Mettler: When did you get to the point where you felt comfortable enough to know you could make a living playing this kind of music?

 

Cray: We started the Cray Band when I was 20, and when Richard Cousins was 19. But we started because we just wanted to play. I mean, sure, we wanted to make a living at it. We didn’t have any idea it would take us to where it did. We just wanted to get gigs and play. So when we started to get club gigs, that was fantastic. And then work at a club on Saturdays, and combine the two — that was cool. It was all fun — and it still is, even though things happened that we didn’t expect to happen. That’s the kind of attitude you have to have.

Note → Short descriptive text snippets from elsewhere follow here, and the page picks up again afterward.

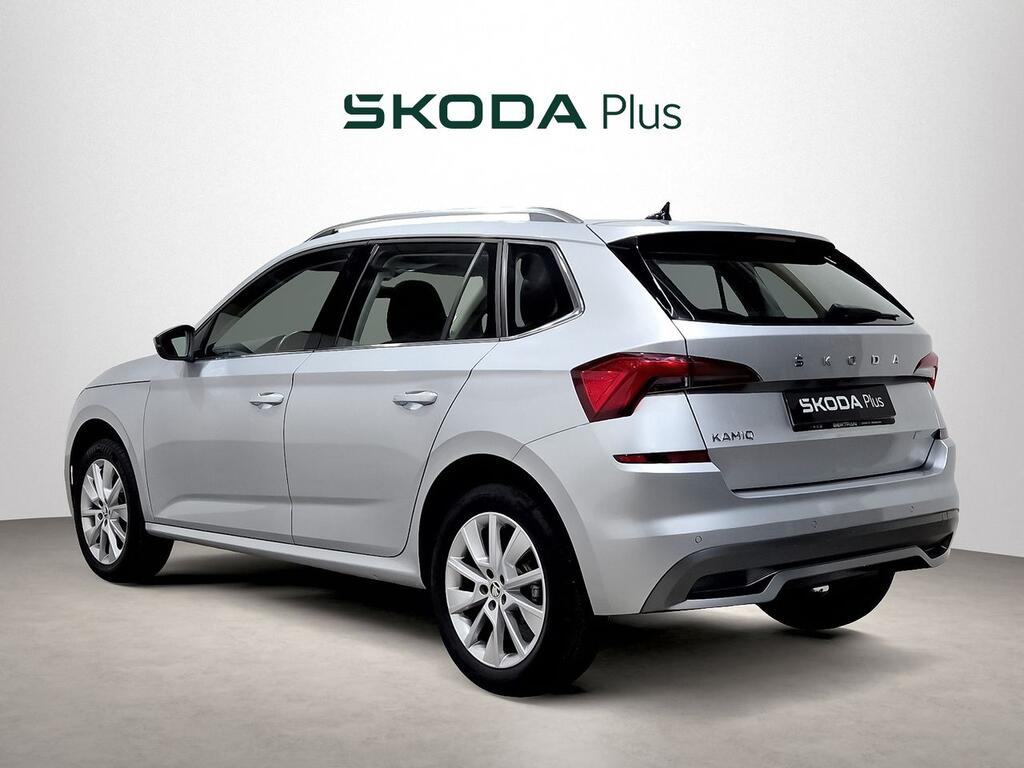 Skoda Kamiq 1.0 TSI 81kW (110CV) Ambition 2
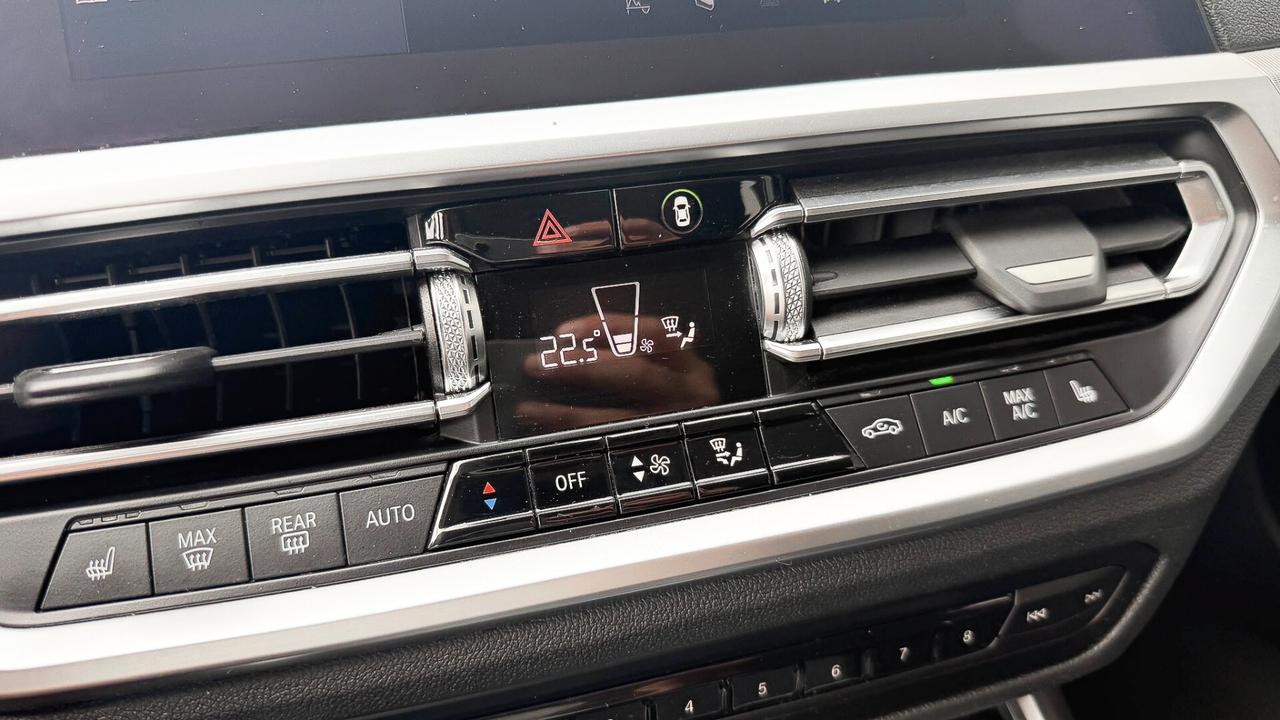 Bmw 318 316d 48V Touring Business Advantage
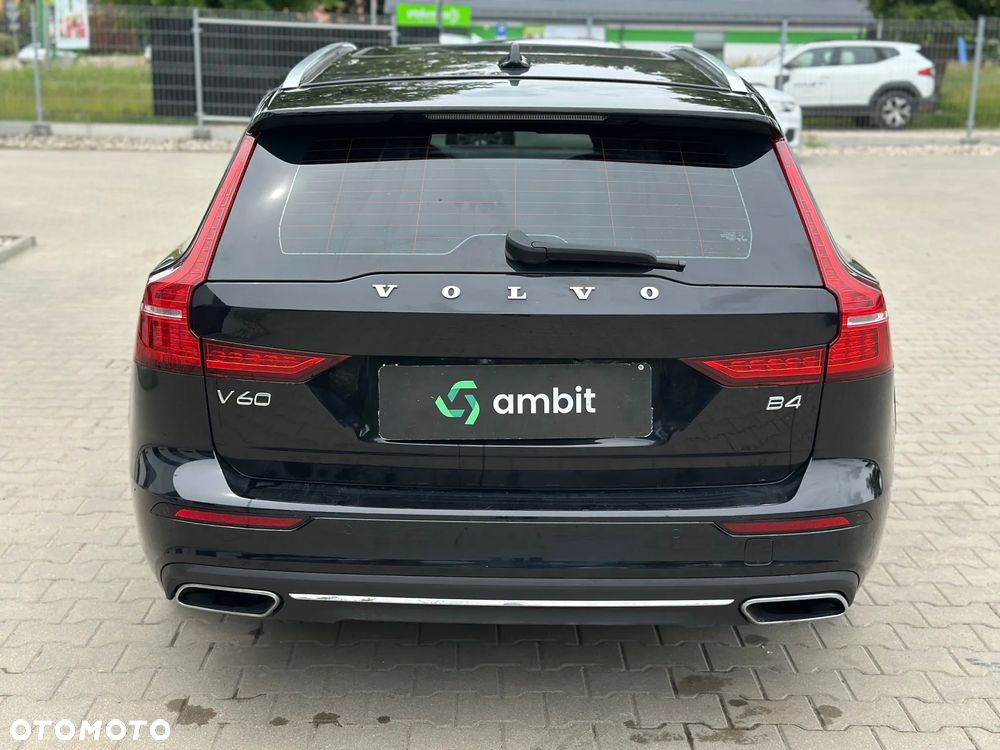 Volvo V60 B4 D Geartronic Inscription - 7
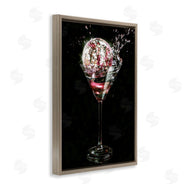 Ziwei Li | Disco and Cocktail Splash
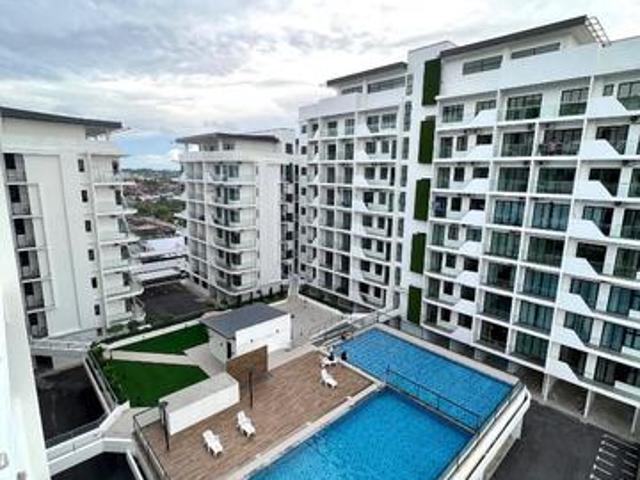 PRESIDENCE Apartment BATU KAWA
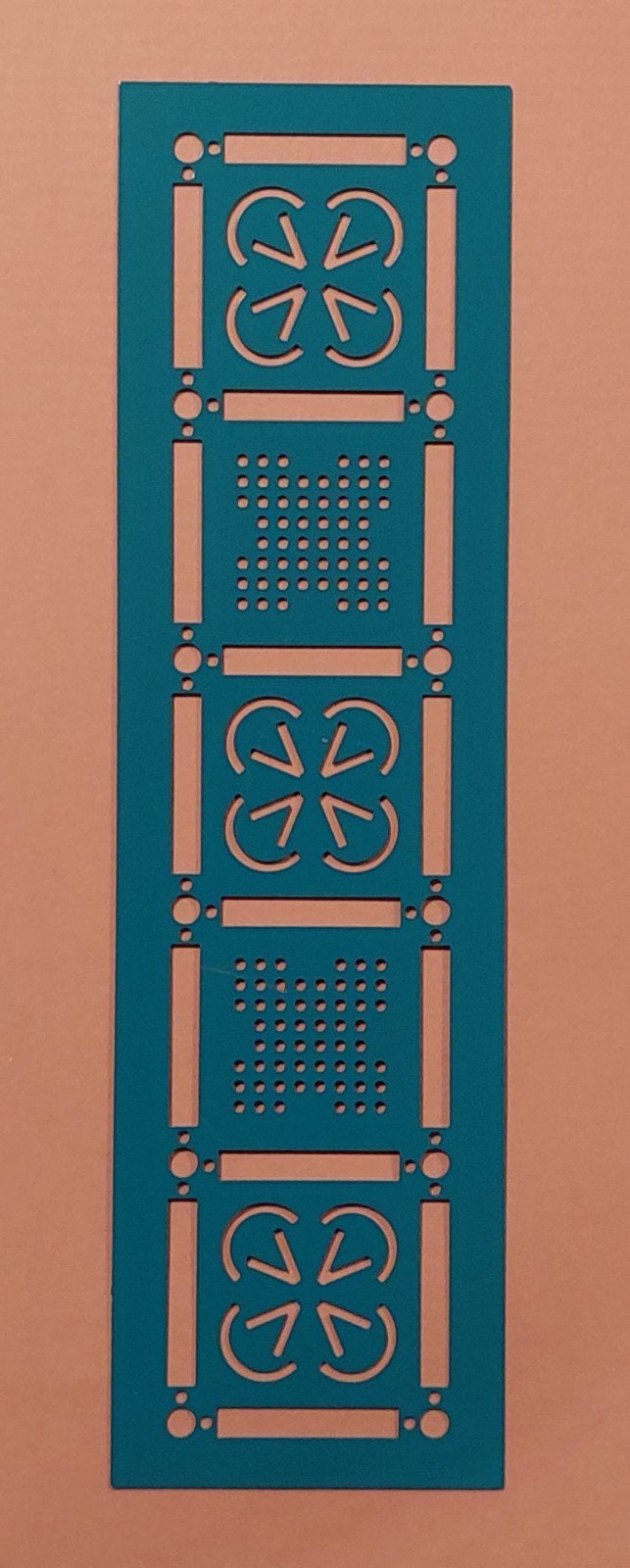 Embossing mal, Ophalen of Verzenden, Zo goed als nieuw, Overige thema's, Pons of Mal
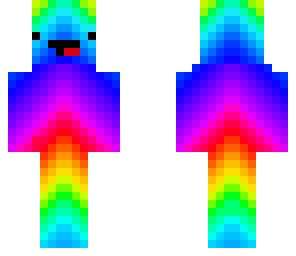 beastyclaese regenboog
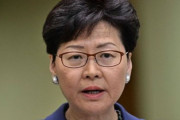 【香港デモ】香港行政長官、記者からキツすぎる質問を食らう「長官はいつ死ぬつもりですか」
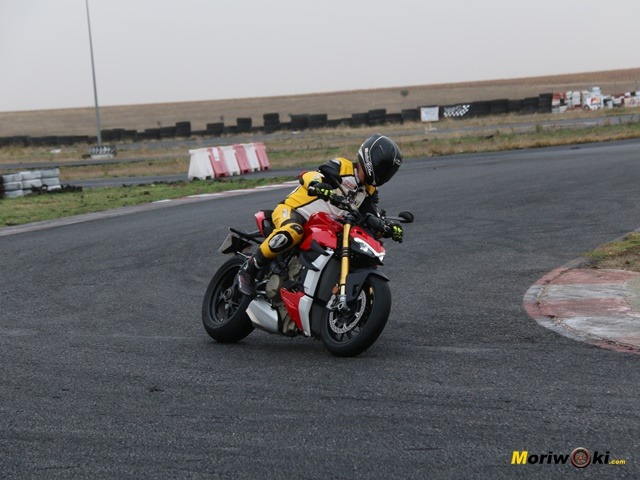 Prueba Ducati Streetfighter V4 Prueba Ducati Streetfighter V4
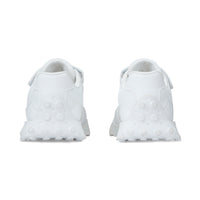 AW25 Bonini ASPIRE White Logo Sport Trainers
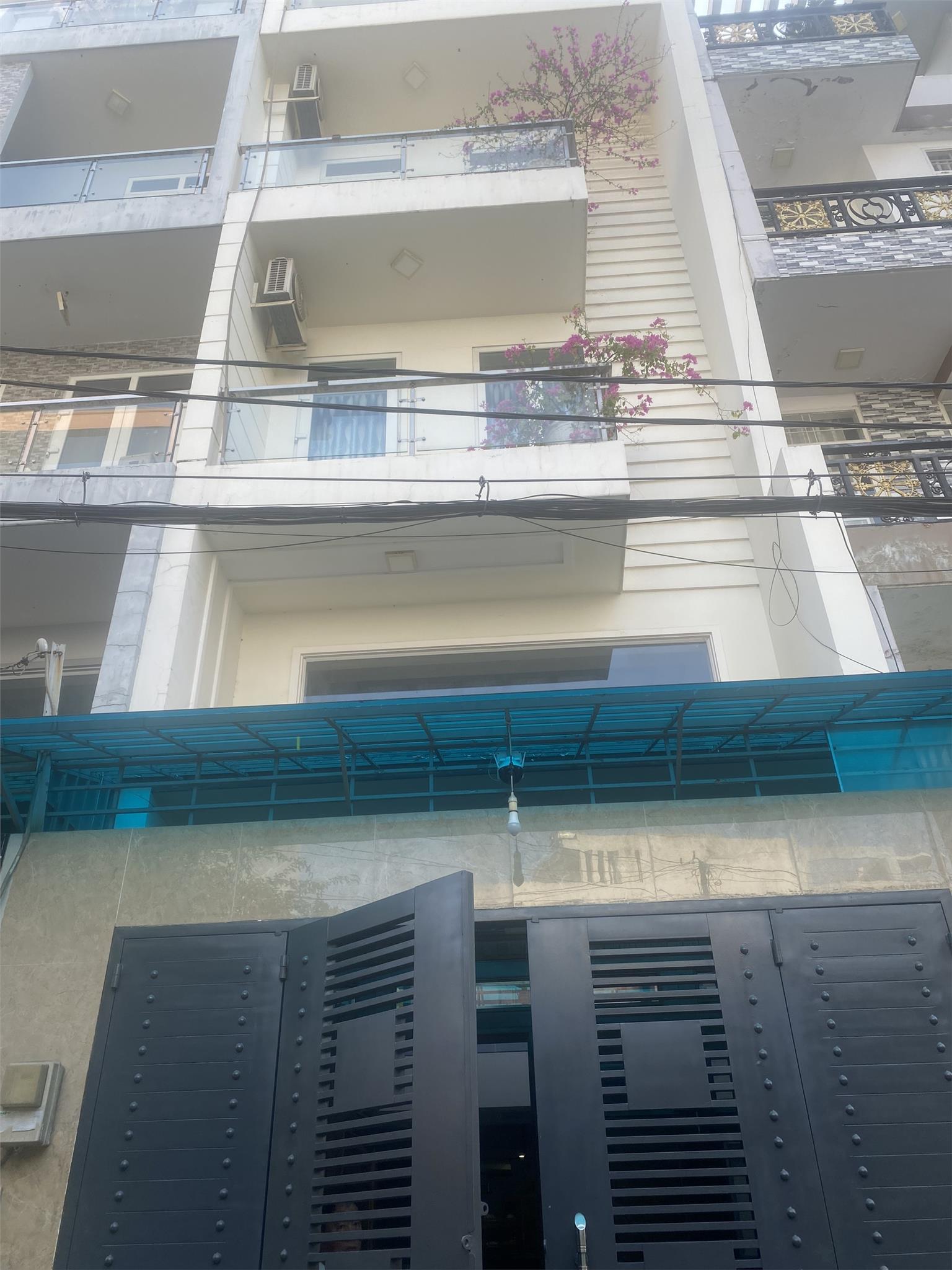 BÁN NHÀ NGUYỄN VĂN KHỐI P11 GÒ VẤP NGAY CV LÀNG HOA, NÔI THẤT CAO CẤP DT 67M2 GIÁ 10.3 TỶ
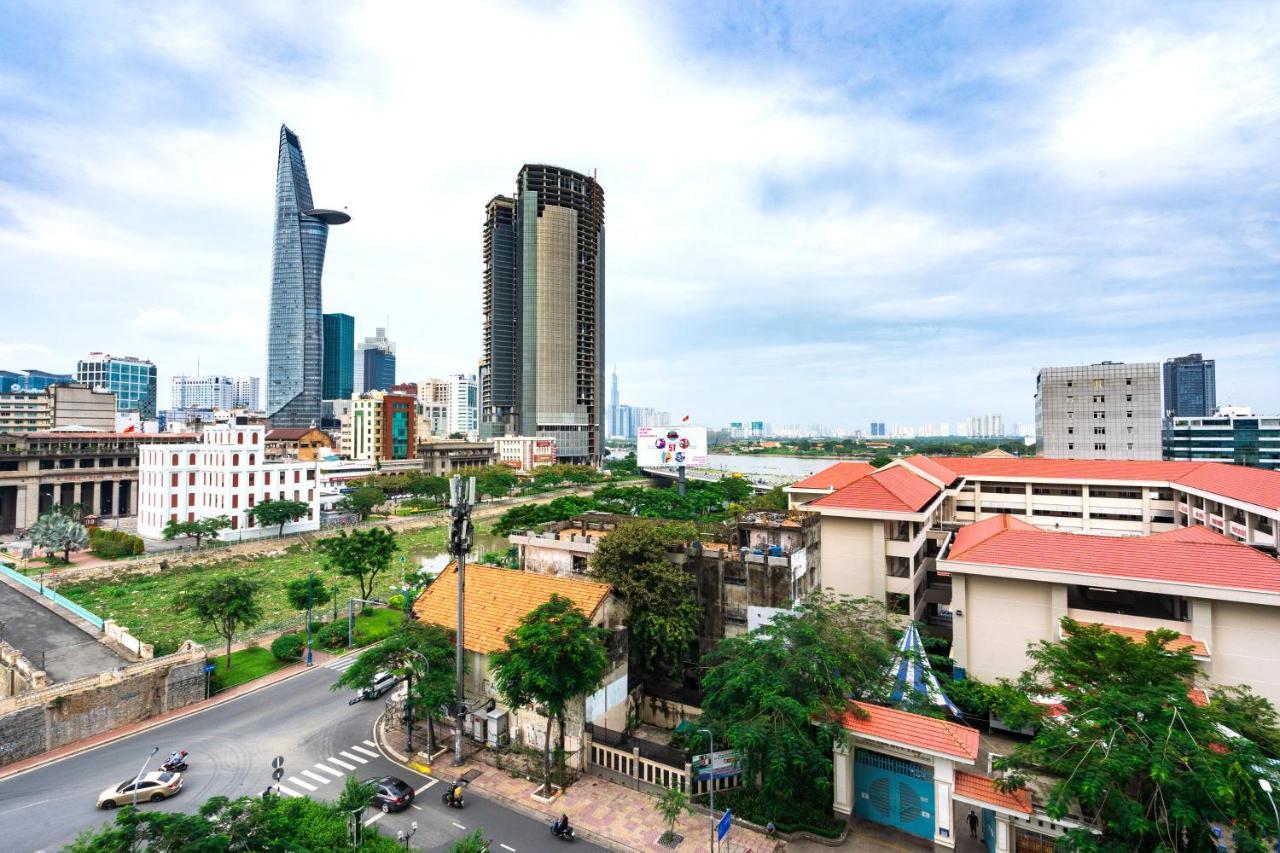 Saigon Royal 2 Bedroom In Center For Over 30 Nights Căn hộ *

And the kind of music we were playing was not popular on the radio at the time. We wanted to play Elmore James and James Brown, and stuff like that. Other bands were playing Top 40.

 

Mettler: Would you say that the audiences you played for in those early club days knew the material you were covering, or not?

 

Cray: No, they didn’t know that. They didn’t know all of it. When we were in the early Cray Band days — it was in Eugene, Oregon, where we started — there was this other band, Curtis Salgado and The Nighthawks, and that band had been in town years before we got there. They were plying the audiences with blues and R&B, so we befriended them when we got to town, and we started doing double gigs together. The audiences were aware of the bands playing that music, but I’m sure they didn’t know a lot of what it was.

 

Mettler: Whenever I heard something I liked in a live set, I’d try to find out exactly what it was, and then I’d go buy it.

 

Cray: I don’t know that that audience had the same kind of mindset as we musicians had. I wanted them too.

 

Mettler: I called it “voting” with my dollars. Maybe the vinyl revival is helping other get into that mindset now.

 

Cray: Just like we talked about earlier, I think that’s what the young people are picking up on now. For us, it’s that ritual. Putting that record on, reading the [liner] notes — the notes meant something, and you could actually read them without a magnifying glass or a microscope, or something. And the artwork too, at a size that’s appreciable.

 

Mettler: Another thing I like is, having listened to a number of different live albums of yours and seeing you live over the years, is hearing the way these songs have evolved over time.

 

Cray: Everything changes, and we have to be open to that kind of thing. We never try to stick to the exact recording. Sometimes it’s different personnel in the band. The tempo is going to be different on a lot of the songs, and different personalities are going to play it in different ways. You have to be in the moment.

 

Mettler: And you’re not playing the same set every night, either.

 

Cray: Right. No, not the same. And we also are “calling” the sets now. So it’s a lot of fun.

 

Mettler: That’s great. So I expect that, 40 more years down the line, we’ll get another live set like this. Is that what you’re looking to do?

 

Cray: (laughs heartily) Maybe in 10, there’ll be the 50th!

 

Mettler: Well, I’ll hold you to that. I see how your longtime friend Mr. Eric Clapton just celebrated his 70th birthday with a show in New York [at Madison Square Garden on May 3, 2015].

 

Cray: Yeah, that was cool. We were busy. He emailed me and invited me, but we just couldn’t make it happen. I would have loved to have been there.

 

Mettler: You guys have played together many times over the years. What is it about Eric’s playing that still appeals to you?

 

Cray: He speaks to you with his guitar instead of preaching with his voice, you know? Great sound, and great tone. Just a wonderful player.

 

Mettler: Van Morrison came up with a phrase for that — the “inarticulate speech of the heart.”

 

Cray: Wow! That’s cool!

 

Mettler: Eric has said before that sometimes what he says comes more out of the guitar than out of his mouth. Leave it to Van to come up with the exact right way to describe it.

 

Cray: And we all know how great Van is, yeah. That’s fantastic.

 

Mettler: In this case, a lick says more than a thousand words.

 

Cray: Yeah, mm-hmm. And that’s what B.B.’s thing is. You take that one note, and it tells you everything.